Arbeitsverbote und billige Arbeitskräfte

Aufenthaltsbewilligungen werden nur mühsam erteilt, selbst wenn der Partner oder die Partnerin russischer Staatsbürger ist. In Moskau und Moskauer Umland soll in wenigen Wochen eine Pflicht-App für Migranten getestet werden, durch die die Behörden stets über den Aufenthaltsort des jeweiligen Menschen informiert sind. Seit Herbst 2024 finden sich in 51 der mehr als 80 Regionen in Russland Arbeitsbeschränkungen für Arbeitsmigranten.

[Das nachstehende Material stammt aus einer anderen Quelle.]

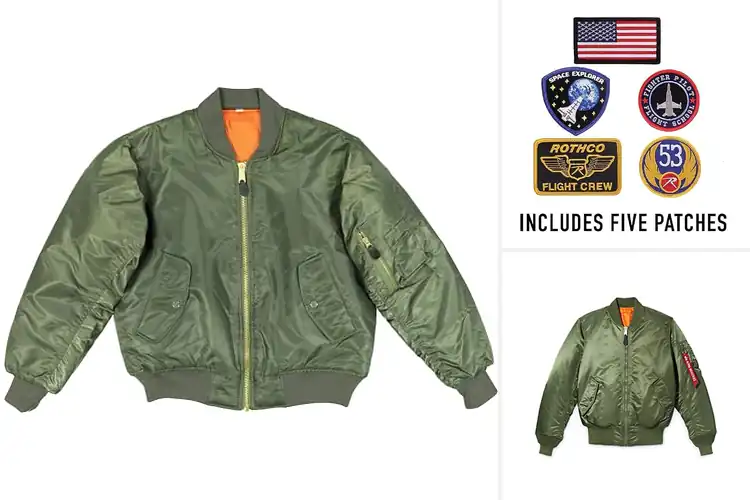 Detailed view of Best Military Flight Jackets: Top 10 Stylish & Durable Picks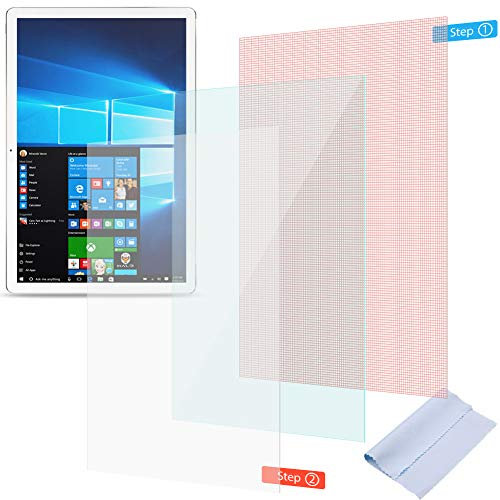 UC-Express Schutzfolie kompatibel für Jay-tech Tablet PC TXE10DS Displayschutz Panzerfolie klar Universal Display Folie, Stückzahl:5 Stück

Mal dürfen sie nicht in Bildungseinrichtungen oder in der Gesundheitsversorgung arbeiten, mal nicht als Koch oder Bedienung im Gaststättengewerbe tätig sein. In den meisten Orten aber trifft es Taxifahrer und Kuriere.

Erst kürzlich hat die Stadt Sankt Petersburg ein Arbeitsverbot für Taxifahrer und Kuriere für Migranten mit dem sogenannten „Patent“ eingeführt. Das ist die Arbeitserlaubnis für alle (mit ein paar Ausnahmen), die visafrei nach Russland einreisen dürfen, vor allem für Menschen aus ehemaligen Sowjetrepubliken in Zentralasien. Das Verbot aber funktionierte keinen einzigen Tag. Die örtliche Wirtschaft schlug Alarm, die Stadtverwaltung sprach sogleich davon, dass die Einführung des Gesetzes „auf unbestimmte Zeit“ verschoben werde. Auch andere Regionen krebsen zuweilen zurück. Denn Arbeitsmigranten sind auch in Russland eine billige Arbeitskraft, auf die die Menschen im Land nicht verzichten wollen. Arbeitsmigranten, so heißt es in Statistiken, machten 50 bis 70 Prozent der Belegschaften bei Taxiunternehmen und Kurierdiensten aus. Fallen sie weg, steigen die Preise.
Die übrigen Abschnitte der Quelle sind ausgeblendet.